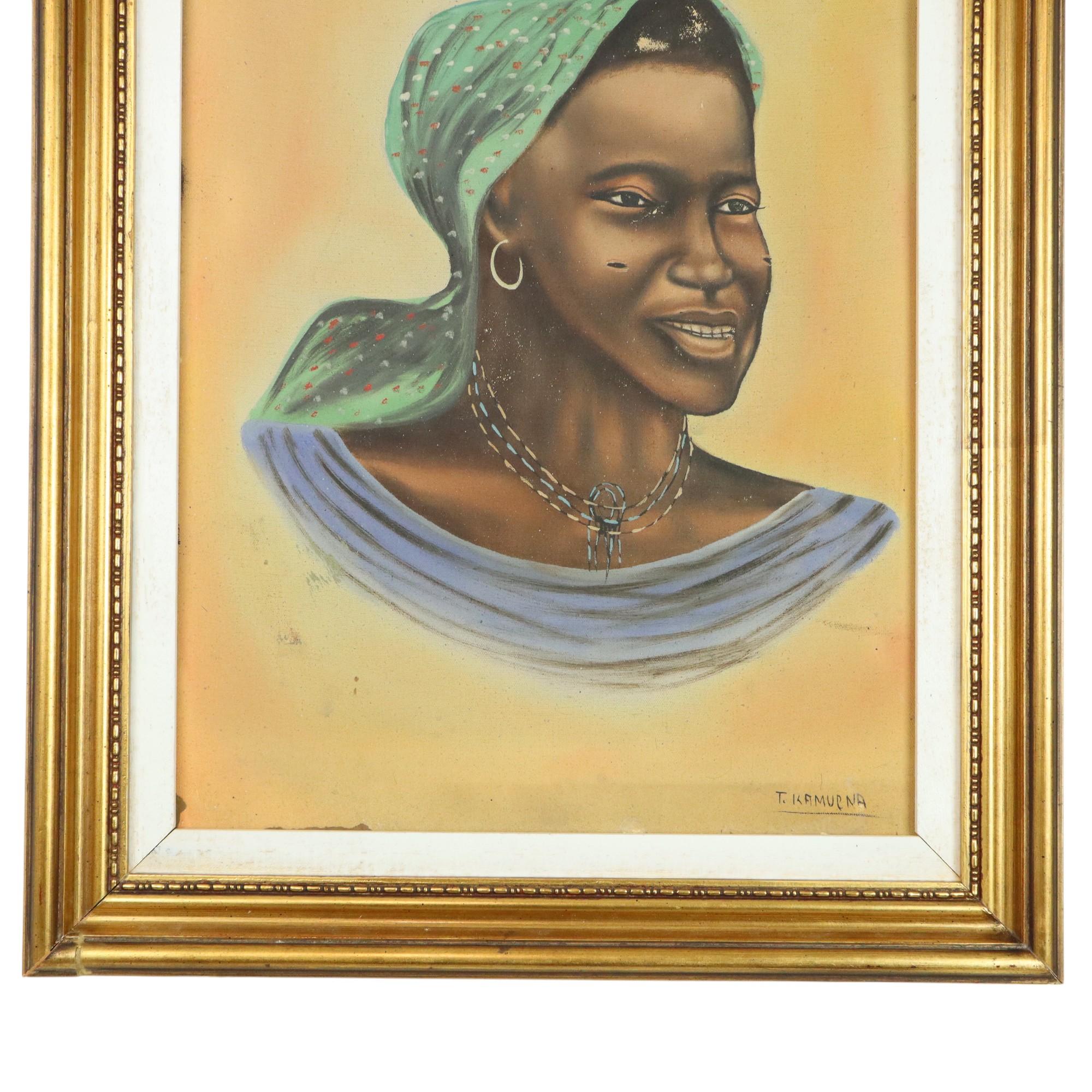 Mid-20th Century Authentic Vintage Painting Portrait on Canvas Woman Congo 1958 For Sale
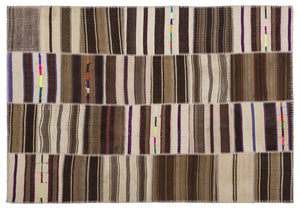 Striped Over Dyed Kilim Patchwork Unique Rug 5'3'' x 7'7'' ft 160 x 230 cm
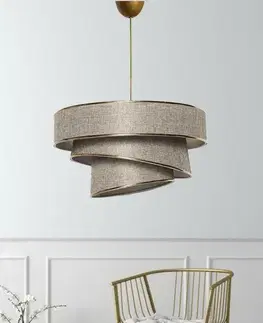 Svietidlá Závesný luster Couper - Beige, Gold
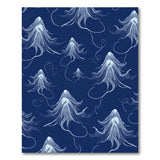 Ethereal White Fir Silhouettes Navy Area Rug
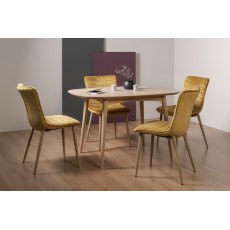 Dansk Scandi Oak 4 Seater Dining Table & 4 Eriksen Mustard Velvet Fabric Chairs with Grey Rustic Oak Effect Legs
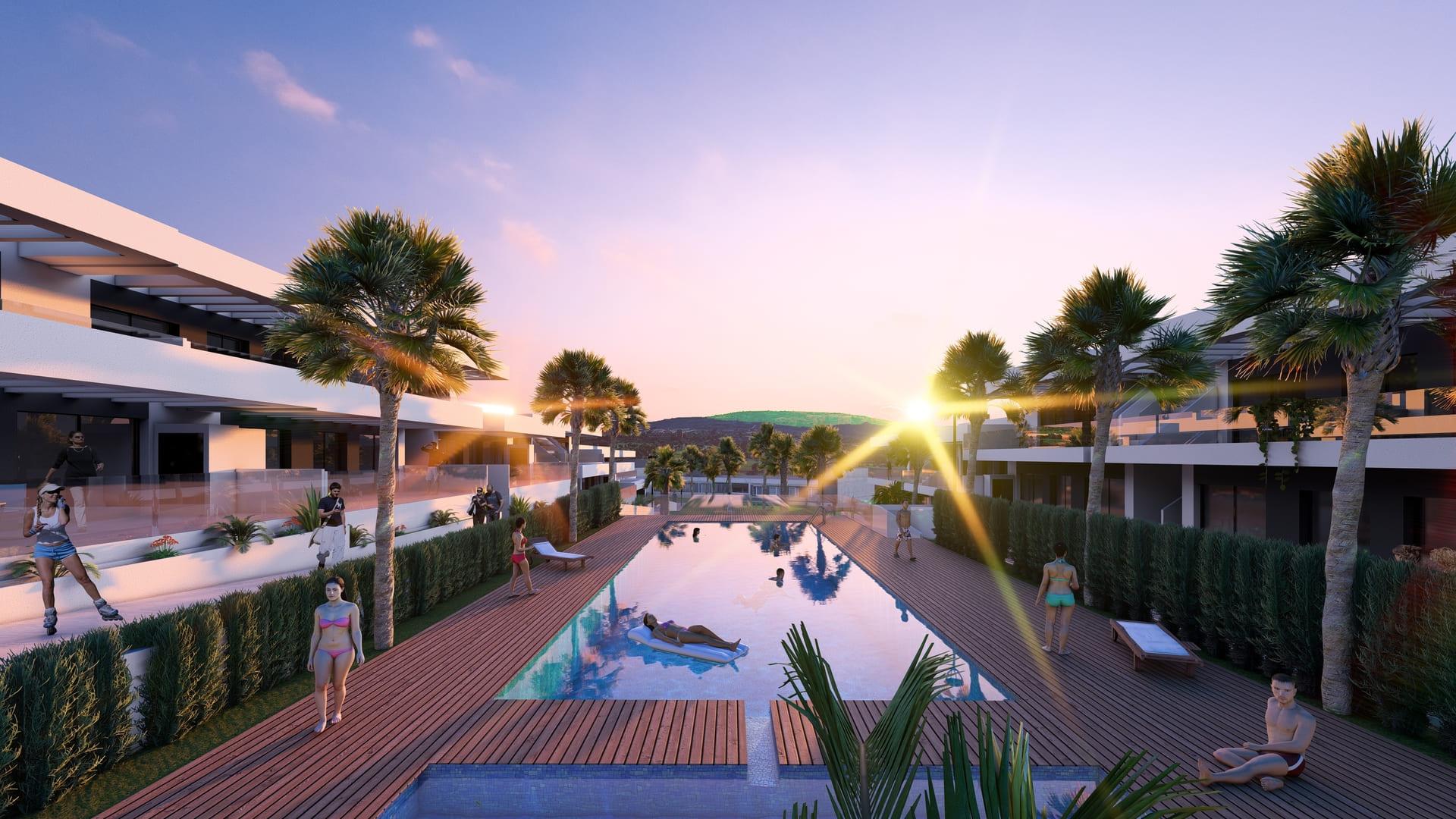Terrace outside new-build bungalow, La Finca Golf, Algorfa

### Action item
Retype all the material word for word while skipping any picture it contains.

### Solution to this exercise
 Mid-20th Century Authentic Vintage Painting Portrait on Canvas Woman Congo 1958 For Sale
 Striped Over Dyed Kilim Patchwork Unique Rug 5'3'' x 7'7'' ft 160 x 230 cm
 Svietidlá Závesný luster Couper - Beige, Gold
 Ethereal White Fir Silhouettes Navy Area Rug
 Dansk Scandi Oak 4 Seater Dining Table & 4 Eriksen Mustard Velvet Fabric Chairs with Grey Rustic Oak Effect Legs
Terrace outside new-build bungalow, La Finca Golf, Algorfa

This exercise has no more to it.